---------- Supplied entries

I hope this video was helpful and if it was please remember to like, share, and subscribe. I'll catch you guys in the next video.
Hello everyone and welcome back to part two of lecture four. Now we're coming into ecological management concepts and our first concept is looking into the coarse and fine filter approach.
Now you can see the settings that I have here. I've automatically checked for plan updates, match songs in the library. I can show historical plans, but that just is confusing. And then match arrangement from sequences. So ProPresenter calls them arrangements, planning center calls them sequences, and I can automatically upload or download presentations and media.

--------------------
---------- Supplied entries

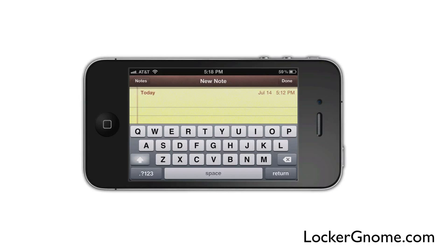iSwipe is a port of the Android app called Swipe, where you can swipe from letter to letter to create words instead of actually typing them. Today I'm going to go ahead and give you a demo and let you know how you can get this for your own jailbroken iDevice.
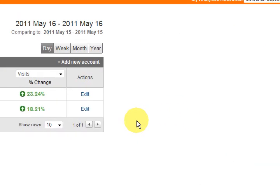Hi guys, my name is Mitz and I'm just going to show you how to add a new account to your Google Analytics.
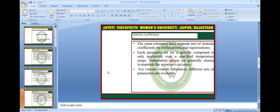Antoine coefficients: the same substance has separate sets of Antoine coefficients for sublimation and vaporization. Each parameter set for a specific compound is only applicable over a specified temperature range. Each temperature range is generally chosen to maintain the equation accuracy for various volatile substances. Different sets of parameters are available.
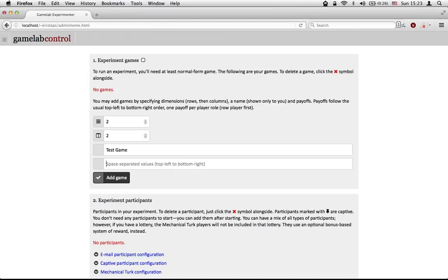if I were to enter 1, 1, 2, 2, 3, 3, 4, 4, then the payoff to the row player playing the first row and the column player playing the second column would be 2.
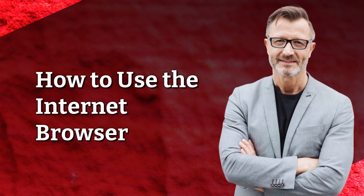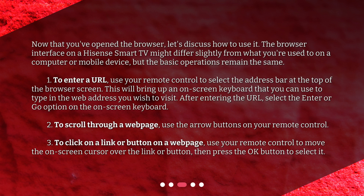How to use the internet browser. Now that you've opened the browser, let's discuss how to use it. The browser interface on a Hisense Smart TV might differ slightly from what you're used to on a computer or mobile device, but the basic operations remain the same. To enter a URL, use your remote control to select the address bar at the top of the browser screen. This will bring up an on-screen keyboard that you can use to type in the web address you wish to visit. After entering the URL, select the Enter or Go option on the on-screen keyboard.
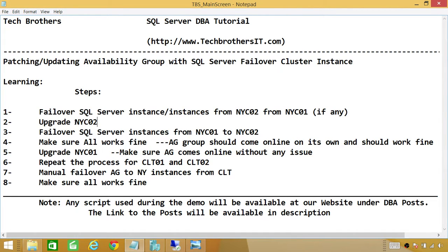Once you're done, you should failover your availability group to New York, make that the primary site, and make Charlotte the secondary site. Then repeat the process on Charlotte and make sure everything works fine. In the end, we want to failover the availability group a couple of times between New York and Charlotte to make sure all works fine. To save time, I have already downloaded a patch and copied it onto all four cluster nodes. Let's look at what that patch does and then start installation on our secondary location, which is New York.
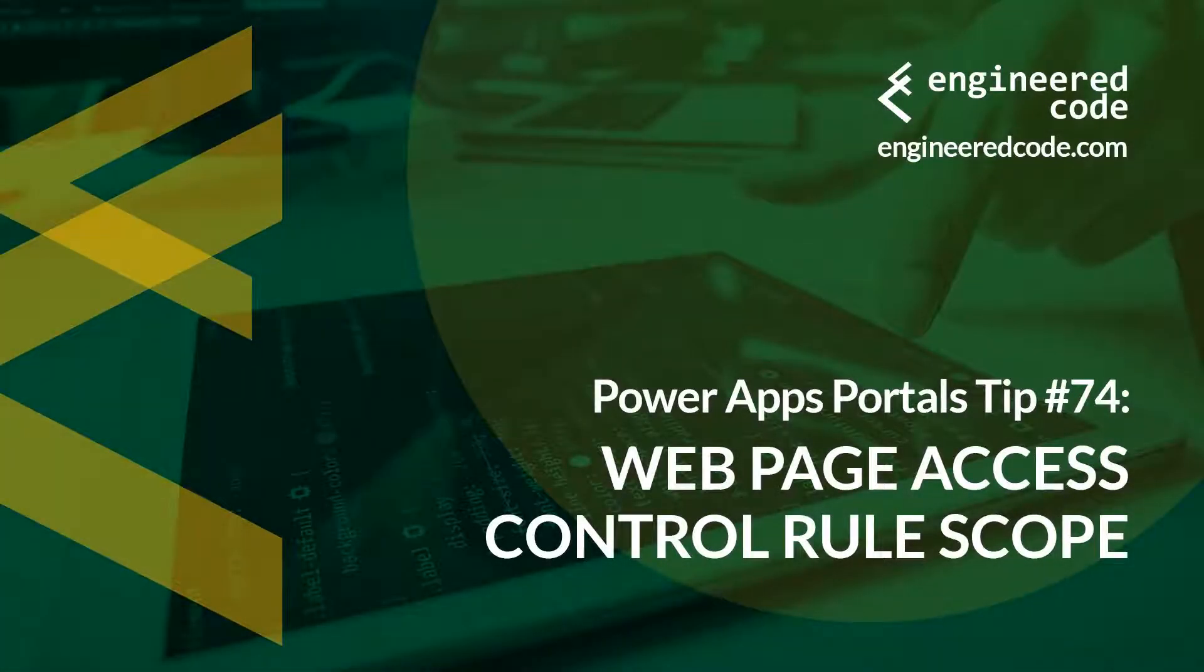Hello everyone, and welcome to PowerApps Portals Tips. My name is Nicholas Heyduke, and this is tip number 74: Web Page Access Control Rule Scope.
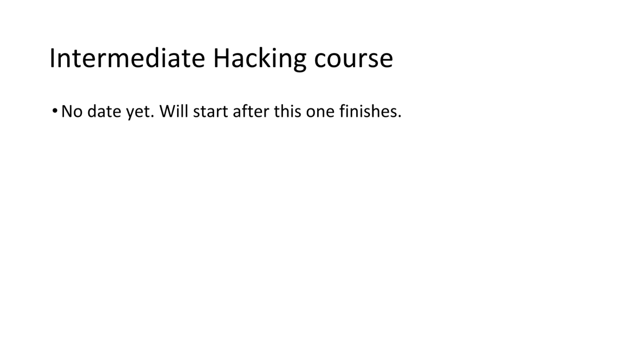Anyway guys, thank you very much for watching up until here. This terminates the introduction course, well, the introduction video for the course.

--------------------

> _Exercise_
From the records above, copy only the lines running from the line containing "Hello everyone, and" to the line containing "Anyway guys, thank", both ends included. Leave the pictures out.

> _Solution to this task_
Hello everyone, and welcome to PowerApps Portals Tips. My name is Nicholas Heyduke, and this is tip number 74: Web Page Access Control Rule Scope.
Anyway guys, thank you very much for watching up until here. This terminates the introduction course, well, the introduction video for the course.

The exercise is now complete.